Output range, inclusive: from the line containing "Anime de Kimi ni Todoke" to the line containing "The Hammam & Glow Polish". Restate those lines from the data below word for word and only those.

#### Records shown

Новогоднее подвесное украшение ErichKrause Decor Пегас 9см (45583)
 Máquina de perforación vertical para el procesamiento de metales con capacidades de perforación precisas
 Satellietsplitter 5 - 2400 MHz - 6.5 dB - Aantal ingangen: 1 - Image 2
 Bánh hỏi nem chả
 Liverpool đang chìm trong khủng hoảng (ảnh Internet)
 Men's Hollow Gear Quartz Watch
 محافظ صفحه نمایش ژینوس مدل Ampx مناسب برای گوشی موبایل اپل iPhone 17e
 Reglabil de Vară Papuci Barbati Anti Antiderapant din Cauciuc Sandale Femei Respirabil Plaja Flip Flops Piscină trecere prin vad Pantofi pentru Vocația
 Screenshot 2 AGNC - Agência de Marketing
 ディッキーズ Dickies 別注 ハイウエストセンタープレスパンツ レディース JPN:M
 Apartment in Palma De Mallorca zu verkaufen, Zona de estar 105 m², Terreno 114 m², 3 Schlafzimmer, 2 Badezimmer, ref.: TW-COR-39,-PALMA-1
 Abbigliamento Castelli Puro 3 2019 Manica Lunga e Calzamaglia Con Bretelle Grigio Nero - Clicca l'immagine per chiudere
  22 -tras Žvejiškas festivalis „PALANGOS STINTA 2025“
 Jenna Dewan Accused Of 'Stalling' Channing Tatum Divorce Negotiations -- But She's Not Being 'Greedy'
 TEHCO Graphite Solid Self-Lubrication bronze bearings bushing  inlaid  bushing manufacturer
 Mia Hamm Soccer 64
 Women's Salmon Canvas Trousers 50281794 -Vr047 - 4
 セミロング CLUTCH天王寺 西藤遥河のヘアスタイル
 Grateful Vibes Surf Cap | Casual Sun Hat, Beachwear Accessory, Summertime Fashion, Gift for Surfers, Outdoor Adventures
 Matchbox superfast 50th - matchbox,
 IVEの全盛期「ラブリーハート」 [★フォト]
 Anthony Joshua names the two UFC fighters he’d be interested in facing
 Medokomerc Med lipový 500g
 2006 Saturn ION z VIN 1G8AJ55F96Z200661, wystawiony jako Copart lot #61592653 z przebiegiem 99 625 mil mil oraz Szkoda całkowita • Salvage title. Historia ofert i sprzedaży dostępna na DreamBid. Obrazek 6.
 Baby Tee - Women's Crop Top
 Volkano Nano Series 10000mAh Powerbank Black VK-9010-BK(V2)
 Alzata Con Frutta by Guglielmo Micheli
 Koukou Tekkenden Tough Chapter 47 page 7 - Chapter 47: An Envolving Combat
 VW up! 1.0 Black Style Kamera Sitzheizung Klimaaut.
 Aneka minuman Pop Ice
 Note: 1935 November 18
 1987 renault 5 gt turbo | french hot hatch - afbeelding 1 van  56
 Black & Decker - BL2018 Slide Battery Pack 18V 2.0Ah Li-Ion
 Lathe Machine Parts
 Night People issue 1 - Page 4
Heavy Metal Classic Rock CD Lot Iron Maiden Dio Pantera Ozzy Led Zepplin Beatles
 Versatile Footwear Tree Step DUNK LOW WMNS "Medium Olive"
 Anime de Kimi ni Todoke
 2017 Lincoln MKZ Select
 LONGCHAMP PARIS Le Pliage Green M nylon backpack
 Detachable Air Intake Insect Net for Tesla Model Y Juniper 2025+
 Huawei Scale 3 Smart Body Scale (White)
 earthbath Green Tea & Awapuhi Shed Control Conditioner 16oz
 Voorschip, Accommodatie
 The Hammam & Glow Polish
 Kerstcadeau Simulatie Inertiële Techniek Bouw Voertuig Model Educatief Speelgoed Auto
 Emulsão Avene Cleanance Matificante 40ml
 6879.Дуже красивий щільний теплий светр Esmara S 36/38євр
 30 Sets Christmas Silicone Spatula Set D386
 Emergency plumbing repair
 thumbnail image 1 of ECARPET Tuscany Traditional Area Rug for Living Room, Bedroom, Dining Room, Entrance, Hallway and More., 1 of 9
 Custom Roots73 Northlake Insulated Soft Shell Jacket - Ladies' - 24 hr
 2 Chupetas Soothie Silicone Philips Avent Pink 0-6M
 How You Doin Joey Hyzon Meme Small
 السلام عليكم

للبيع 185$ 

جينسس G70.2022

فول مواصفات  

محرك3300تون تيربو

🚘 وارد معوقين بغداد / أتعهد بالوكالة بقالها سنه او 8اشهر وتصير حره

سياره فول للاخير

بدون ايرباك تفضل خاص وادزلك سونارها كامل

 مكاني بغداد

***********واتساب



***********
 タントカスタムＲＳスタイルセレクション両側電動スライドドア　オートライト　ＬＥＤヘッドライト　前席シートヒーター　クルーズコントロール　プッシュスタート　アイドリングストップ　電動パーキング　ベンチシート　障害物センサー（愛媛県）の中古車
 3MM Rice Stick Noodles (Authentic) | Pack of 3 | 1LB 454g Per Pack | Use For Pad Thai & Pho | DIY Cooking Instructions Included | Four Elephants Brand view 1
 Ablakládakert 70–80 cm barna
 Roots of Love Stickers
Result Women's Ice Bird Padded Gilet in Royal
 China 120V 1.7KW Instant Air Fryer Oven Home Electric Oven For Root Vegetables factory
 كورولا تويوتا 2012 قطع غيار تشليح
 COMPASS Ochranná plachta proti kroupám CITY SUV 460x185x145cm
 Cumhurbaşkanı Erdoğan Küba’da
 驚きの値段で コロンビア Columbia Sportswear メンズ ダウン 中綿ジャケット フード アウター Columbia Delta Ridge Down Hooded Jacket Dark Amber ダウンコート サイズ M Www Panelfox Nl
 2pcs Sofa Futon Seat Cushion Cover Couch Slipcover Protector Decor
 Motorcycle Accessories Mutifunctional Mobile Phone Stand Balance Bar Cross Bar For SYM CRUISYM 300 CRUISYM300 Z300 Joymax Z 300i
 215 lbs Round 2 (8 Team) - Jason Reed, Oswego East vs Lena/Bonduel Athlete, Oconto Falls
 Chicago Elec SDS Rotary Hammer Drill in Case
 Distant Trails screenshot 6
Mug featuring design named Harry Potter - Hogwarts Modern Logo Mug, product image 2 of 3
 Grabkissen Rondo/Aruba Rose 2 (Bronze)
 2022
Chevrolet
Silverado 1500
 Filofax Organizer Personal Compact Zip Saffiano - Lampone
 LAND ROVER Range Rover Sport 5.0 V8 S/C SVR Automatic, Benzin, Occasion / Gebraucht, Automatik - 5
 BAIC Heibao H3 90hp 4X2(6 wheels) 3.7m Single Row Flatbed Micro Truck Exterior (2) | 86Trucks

########

=== Completed exercise ===
 Anime de Kimi ni Todoke
 2017 Lincoln MKZ Select
 LONGCHAMP PARIS Le Pliage Green M nylon backpack
 Detachable Air Intake Insect Net for Tesla Model Y Juniper 2025+
 Huawei Scale 3 Smart Body Scale (White)
 earthbath Green Tea & Awapuhi Shed Control Conditioner 16oz
 Voorschip, Accommodatie
 The Hammam & Glow Polish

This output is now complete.